Assignment 7 - Data 110

Author

Kalina P

Load the libraries

# Loading the necessary libraries
library(dslabs)
Warning: package 'dslabs' was built under R version 4.5.2
library(ggplot2)
Warning: package 'ggplot2' was built under R version 4.5.2

The Data - Admissions

Gender bias among graduate school admissions to UC Berkeley. The admission data for six majors for the fall of 1973; often used as an example of Simpson’s paradox

# Examining the dataset
str(admissions)
'data.frame':   12 obs. of  4 variables:
 $ major     : chr  "A" "B" "C" "D" ...
 $ gender    : chr  "men" "men" "men" "men" ...
 $ admitted  : num  62 63 37 33 28 6 82 68 34 35 ...
 $ applicants: num  825 560 325 417 191 373 108 25 593 375 ...

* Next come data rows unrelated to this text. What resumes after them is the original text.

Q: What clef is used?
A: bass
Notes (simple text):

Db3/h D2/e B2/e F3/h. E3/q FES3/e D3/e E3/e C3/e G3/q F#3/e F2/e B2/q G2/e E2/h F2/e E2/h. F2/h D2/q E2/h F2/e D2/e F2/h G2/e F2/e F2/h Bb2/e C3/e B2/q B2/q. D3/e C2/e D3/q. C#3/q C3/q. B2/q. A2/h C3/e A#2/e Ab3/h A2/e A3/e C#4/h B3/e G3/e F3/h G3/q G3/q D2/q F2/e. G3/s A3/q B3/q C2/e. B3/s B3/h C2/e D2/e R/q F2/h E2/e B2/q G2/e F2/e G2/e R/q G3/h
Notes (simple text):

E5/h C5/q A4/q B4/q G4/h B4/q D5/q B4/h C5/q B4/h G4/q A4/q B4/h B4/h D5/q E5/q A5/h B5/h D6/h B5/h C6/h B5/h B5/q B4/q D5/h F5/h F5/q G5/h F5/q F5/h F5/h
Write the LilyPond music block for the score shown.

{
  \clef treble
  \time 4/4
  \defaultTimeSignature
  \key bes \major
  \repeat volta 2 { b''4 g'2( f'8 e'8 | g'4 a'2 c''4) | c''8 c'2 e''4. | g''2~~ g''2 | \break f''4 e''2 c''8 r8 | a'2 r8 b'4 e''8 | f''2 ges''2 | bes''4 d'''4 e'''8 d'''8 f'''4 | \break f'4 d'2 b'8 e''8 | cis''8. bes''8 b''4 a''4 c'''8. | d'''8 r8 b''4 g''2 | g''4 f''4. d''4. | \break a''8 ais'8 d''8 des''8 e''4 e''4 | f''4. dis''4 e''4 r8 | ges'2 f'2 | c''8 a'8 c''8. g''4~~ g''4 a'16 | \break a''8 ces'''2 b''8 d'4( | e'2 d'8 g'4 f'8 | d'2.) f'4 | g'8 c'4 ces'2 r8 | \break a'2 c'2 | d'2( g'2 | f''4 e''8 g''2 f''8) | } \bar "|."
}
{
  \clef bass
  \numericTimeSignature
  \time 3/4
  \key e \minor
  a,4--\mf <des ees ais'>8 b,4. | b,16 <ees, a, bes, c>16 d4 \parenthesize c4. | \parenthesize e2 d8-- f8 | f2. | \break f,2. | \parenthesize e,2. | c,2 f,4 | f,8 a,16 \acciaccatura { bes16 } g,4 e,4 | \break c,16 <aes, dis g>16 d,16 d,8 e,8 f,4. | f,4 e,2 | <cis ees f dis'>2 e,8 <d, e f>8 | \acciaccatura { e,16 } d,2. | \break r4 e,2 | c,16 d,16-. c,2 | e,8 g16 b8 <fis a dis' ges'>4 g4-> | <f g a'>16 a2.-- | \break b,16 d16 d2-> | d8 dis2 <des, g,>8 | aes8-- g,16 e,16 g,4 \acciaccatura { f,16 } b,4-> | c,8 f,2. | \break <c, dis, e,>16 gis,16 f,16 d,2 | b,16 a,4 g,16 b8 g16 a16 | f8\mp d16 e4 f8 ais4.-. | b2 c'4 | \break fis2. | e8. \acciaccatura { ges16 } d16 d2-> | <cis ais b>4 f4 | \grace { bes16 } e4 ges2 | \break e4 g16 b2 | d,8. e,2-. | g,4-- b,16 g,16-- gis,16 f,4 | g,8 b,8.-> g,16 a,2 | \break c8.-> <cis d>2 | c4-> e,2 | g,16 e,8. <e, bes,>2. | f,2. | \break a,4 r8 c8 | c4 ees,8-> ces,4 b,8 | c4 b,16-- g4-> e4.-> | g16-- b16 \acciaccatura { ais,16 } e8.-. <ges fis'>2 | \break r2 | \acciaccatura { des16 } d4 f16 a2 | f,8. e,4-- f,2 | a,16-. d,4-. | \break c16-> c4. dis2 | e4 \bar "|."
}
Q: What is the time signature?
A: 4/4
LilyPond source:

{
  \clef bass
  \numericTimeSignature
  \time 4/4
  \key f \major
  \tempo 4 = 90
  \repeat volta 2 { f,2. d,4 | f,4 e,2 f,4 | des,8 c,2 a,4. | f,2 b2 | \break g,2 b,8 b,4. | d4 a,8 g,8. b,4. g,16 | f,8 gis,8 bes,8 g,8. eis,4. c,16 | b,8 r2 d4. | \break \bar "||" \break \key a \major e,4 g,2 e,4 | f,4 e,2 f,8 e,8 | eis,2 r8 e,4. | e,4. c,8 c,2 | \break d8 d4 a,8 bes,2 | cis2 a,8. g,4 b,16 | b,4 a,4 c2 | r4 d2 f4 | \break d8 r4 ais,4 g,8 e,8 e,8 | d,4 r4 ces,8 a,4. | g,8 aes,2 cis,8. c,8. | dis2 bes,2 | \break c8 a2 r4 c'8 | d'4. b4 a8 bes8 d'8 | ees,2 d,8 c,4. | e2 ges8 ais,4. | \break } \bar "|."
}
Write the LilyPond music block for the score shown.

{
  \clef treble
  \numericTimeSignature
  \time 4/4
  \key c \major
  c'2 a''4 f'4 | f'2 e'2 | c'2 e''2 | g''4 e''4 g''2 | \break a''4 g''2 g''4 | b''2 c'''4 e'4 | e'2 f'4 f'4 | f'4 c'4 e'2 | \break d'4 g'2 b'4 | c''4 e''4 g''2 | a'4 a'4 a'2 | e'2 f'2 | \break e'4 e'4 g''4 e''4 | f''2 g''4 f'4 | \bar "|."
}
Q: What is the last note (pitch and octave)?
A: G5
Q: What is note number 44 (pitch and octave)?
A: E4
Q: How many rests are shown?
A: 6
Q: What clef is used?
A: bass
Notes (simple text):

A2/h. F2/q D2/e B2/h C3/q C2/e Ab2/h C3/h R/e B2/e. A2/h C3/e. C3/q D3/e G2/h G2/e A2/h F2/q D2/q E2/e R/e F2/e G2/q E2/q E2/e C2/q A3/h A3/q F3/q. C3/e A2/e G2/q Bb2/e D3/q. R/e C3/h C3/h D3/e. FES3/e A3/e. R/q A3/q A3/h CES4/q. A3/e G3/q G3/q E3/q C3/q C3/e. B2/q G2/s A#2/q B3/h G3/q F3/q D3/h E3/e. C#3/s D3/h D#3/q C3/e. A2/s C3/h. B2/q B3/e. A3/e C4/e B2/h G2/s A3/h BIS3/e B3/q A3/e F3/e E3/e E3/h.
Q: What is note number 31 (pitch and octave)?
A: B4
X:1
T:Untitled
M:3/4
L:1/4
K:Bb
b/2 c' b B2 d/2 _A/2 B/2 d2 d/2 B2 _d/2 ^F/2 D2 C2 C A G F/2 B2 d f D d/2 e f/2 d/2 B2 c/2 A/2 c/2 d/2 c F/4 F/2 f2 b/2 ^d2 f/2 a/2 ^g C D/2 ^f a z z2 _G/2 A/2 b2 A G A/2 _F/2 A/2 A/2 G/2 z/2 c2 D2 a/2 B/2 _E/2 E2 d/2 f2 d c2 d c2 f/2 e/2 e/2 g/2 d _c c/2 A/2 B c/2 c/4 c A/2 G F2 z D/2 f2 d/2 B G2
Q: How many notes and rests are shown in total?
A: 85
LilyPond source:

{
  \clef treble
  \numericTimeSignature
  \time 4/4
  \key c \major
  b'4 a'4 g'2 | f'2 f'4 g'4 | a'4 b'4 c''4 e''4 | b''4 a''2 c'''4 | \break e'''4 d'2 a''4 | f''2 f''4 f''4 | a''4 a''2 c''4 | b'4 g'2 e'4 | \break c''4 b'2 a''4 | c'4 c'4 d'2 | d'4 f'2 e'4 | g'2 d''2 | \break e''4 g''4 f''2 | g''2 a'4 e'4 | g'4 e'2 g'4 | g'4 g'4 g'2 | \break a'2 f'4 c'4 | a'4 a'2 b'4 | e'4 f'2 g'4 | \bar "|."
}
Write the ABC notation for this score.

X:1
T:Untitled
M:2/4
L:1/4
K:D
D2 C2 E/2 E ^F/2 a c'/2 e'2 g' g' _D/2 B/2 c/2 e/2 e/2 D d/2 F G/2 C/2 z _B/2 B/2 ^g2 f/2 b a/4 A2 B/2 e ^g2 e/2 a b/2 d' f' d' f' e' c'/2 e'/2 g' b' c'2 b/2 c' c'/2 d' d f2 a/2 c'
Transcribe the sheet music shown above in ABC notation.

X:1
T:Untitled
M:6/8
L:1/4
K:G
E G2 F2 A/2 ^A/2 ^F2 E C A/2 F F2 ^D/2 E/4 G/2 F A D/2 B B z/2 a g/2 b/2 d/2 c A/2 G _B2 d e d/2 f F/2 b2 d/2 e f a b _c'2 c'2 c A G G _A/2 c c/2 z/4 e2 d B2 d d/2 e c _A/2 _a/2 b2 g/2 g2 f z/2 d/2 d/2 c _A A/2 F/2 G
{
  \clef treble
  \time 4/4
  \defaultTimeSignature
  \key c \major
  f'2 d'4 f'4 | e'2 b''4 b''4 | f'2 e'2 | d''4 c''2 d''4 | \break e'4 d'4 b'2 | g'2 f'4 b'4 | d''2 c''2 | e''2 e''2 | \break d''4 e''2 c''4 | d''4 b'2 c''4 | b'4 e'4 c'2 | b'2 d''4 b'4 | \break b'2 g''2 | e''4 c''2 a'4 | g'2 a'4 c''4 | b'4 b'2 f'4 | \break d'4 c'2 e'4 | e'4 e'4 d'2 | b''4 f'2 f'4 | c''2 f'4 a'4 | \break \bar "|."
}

This is not a very large dataset at all, it only has 12 observations. It has 2 numerical variables: the number of applicants and the percent that were admitted. It has 2 categorical variables: major and gender. For the purposes of my scatterplot, I will only be using the gender, admitted, and applicants variables.

Visualization

# Scatterplot of the admission and number of applicants, differntiated by gender
scatter <- admissions |>
  ggplot(aes(x = applicants, y = admitted, color = gender)) +
  geom_point(size = 4, aes(color = gender), alpha = .8) +
  scale_color_manual(values = c("#10ade6", "#ff91ad")) +
  geom_smooth(method = lm, formula = y ~ x,  se = FALSE,  lty = 2, linewidth = .75) +
  labs(title = "Relationship between College Admission \n and Number of Applicants at UC Berkeley in 1973", x = "Total Number of Applicants", y = "Percent of Students Admitted", caption = "Data from DS labs") +
  theme_grey(base_family = "sans", header_family = "serif")
scatter

For my visualization I used the DS Labs Admissions dataset, which observed 4 variables (major, gender, admitted, and applicants) and had 12 observations. To create my graph I used ggplot and mapped out the aesthetics, I used geom_point to create the scatterplot and color the points differently based on gender. I used geom_smooth to create the linear regression line for both male and female observations, and then labeled the graph and altered the theme. I found it very interesting that the trend in this graph shows that, as applicant number increases the percent of male students accepted does as well, but the number of female students accepted decreases. And, when there are fewer applicants, women were accepted more than men. However, like I said, this data has only 12 observations, so more studies would need to be conducted for any conclusive findings on this trend.